Meine Grossmutter sagt, früher waren Kinder mit einem Jahr trocken. Kann das stimmen?
Stoffwindeln zu waschen war eine aufwendige Angelegenheit, als noch nicht jeder Haushalt über eine leistungsstarke Waschmaschine verfügte. Und die damals verfügbaren Windeln waren deutlich komplizierter in der Handhabung als moderne Stoffwindeln. Kein Wunder also, dass frühere Generationen grossen Wert auf eine frühe Sauberkeitserziehung legten. Die Kinder wurden regelmässig aufs Töpfchen gesetzt und oftmals auch bestraft, wenn etwas daneben ging. Die Zürcher Longitudinalstudien von Remo Largo konnten jedoch keinen Vorteil der damals üblichen strengen Sauberkeitserziehung nachweisen: Die Kinder wurden nicht früher trocken als diejenigen, die erst aufs Töpfchen gesetzt wurden, wenn sie ein Interesse daran bekundeten.
Die allermeisten Eltern entscheiden sich heute dafür, mit Wegwerfwindeln zu wickeln und ab dem Alter von ca. zwei Jahren allmählich mit dem Toilettentraining anzufangen - je nachdem, wann das Kind mit seiner Körperhaltung oder mit Worten mitteilen kann, dass es den Darm oder die Blase entleeren muss. Bei den meisten ist dies etwa im Alter von 18 bis 36 Monaten der Fall. Am Vorbild von Eltern und grösseren Geschwistern lernen Kleinkinder am besten, wie das mit dem Toilettengang funktioniert. Ein standfestes Töpfchen, ein Toilettensitz mit Leiter sowie Kleidung, die sich leicht aus- und wieder anziehen lässt, sind ebenfalls hilfreich.

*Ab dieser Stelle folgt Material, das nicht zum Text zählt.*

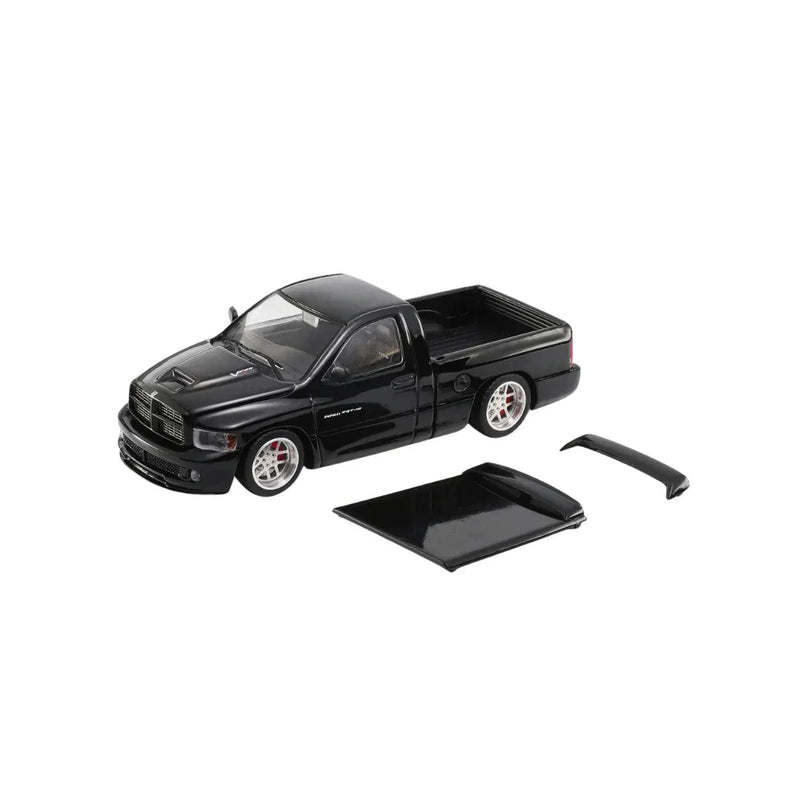 Dodge Ram SRT-10 (2003), 1:64 Scale (Black) — image 1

Grundsätzlich besteht die Möglichkeit, das Baby schon von Anfang an über einem Töpfchen abzuhalten und ganz oder teilweise auf die Windel zu verzichten. Dieser Ansatz hat jedoch nichts mit der strengen Sauberkeitserziehung aus Urgrossmutters Zeiten gemein. Es geht vielmehr darum, dass die Eltern verstehen lernen, was das Neugeborene ihnen mitteilen will und entsprechend darauf zu reagieren. Wenige Augenblicke, bevor es Urin oder Kot ausscheidet, gibt es dies nämlich mit seiner Mimik, mit Lauten oder Bewegungen bekannt. Diese Signale verlieren sich allerdings nach einigen Monaten, wenn die Eltern nicht darauf reagieren, indem sie das Baby abhalten.